メディアカートリッジが正しくオートチェンジャ内に取り付けられていて、オートチェンジャのドアが閉まっていることを確認します。
Backup サーバーのスーパーユーザーになります。
次のようにして、オートチェンジャをリセットします。
# nsrjb -Hv |
次のようにして、インベントリを作成します。
# nsrjb -Iv |
インベントリの作成が完了すると、再び Backup でオートチェンジャが使用できるようになります。
nsrjb コマンドの使用法の詳細は、nsrjb(8) のマニュアルページか、または 第 7 章「オートチェンジャモジュール」を参照してください。
通常、「Destination component full」のメッセージが表示されるのは、たとえば Backup を使ってボリュームのマウントを解除せずに、オートチェンジャのボタンを押して物理的にテープドライブをアンロードするといった、手動の操作をした場合です。このような操作をすると、オートチェンジャ内のメディアの状態を Backup は追跡できなくなります。
この問題を解決するには、Backup の nsrjb -H コマンドを使ってオートチェンジャをリセットします。
Backup がテープ容量のすべてを使用できないことがあります。たとえば、公称容量 4000M バイト のテープにまだ 3000M バイトのデータしか書き込んでいないのに「full」マークが付けられることがあります。
Backup でテープを容量いっぱいまで使うには、現在のデバイスに適した最高の密度で書き込まれたデバイスドライバを選択します。テープにラベルを付けるときに、そのデバイスがサポートしている最高密度が Backup によって書き込みに使用されます。
テープの全容量が使われていないのにいっぱいになったとみなされる原因としては、次のものがあります。
バックアップ中に書き込みエラーが起こった
ほとんどのテープドライブは、書き込み動作のあとデータを読み取って、データがテープに正常に書き込まれたことを確認し、正常に書き込まれていなければもう一度書き込みます。書き込みエラーは、テープが終わったかまたは、読み取りエラーのいずれかを意味しています。どのようなテープエラーが起こっても、Backup ではテープに「full」のマークが付けられます。
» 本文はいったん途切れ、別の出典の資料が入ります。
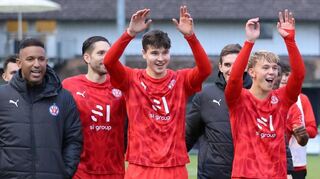 Leo Wemhoener (Mitte) bekam beim 7:1 Sieg des VfR Mannheim in Oberachern in der Schlussphase Einsatzzeit und trug zum klaren Erfolg bei.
テープの書き込みエラーを防ぐには、定期的にテープドライブをクリーニングして、データ品質のテープだけを使うようにします。ドライブをクリーニングしてもエラーが出る場合は、次のことを確認します。デバイスドライバが正しく設定されているか、テープドライブ上の必要なスイッチ設定がメーカーの仕様どおりに設定されているか、ケーブルはしっかり接続されているか、考えられるその他の SCSI 問題に対処しているか。
Backup が付けるファイルマークがテープの領域をとる
データ復旧を迅速に行うために、Backup によって定期的にファイルマークが書き込まれます。このファイルマークは領域を使います。この領域の大きさはテープドライブのタイプによって異なり、ある種のドライブでは数 M バイトになります。Backup によってテープに書き込まれるファイルマークの数は、そのテープ上のセーブセットの数に比例します。小さいセーブセットをたくさん格納すると、大きいセーブセットを少なく格納する場合よりもファイルマークが多くなります。
テープによって容量に差がある
テープの容量はテープによって異なり、一定ではありません。同じベンダーの、見かけ上まったく同じ 2 本のテープでも、容量がかなり違うことがあります。このためデータがいっぱいに書き込まれているテープをほかのテープにコピーする場合、特にコピー先のテープの容量がコピー元のテープの容量よりも小さい場合に、問題が起こることがあります。
テープ容量に対するデータ圧縮の影響
テープドライブでデータを圧縮すると、圧縮によってテープ容量がどう変わるかは予測できません。圧縮機能を使うドライブの容量は、圧縮機能を使わないドライブの 2 倍になる場合もありますが、これはバックアップされるデータの種類によって増減します。たとえば、非圧縮ドライブで特定のテープに 2G バイトのデータを書き込めるとすると、圧縮ドライブで 10G バイト、2G バイト、5G バイト、または予想をはるかに超える量のデータを書き込める場合があります。
テープの長さ
必ずテープの長さを確認します。120 m の DAT テープは、90 m の DAT テープよりも多くのデータを記録できます。ただし、2 つのテープは見かけは同じなので、テープカセットに記載されている情報を確認してください。
Solaris の場合、使用しているテープデバイスが Sun によって直接サポートされていなければ、st.conf ファイル内にエントリを作成し直す必要があります。このための支援が必要な場合は、ご購入先にお問い合わせください。
コントロールポートによって、オートチェンジャの装着機能を制御します。コントロールポートが正しく接続されていることを確認する方法は、オートチェンジャのハードウェアインストールマニュアルに記載されています。コントロールポートが動作しているかどうかを判断できない場合は、オートチェンジャのベンダーにお問い合わせください。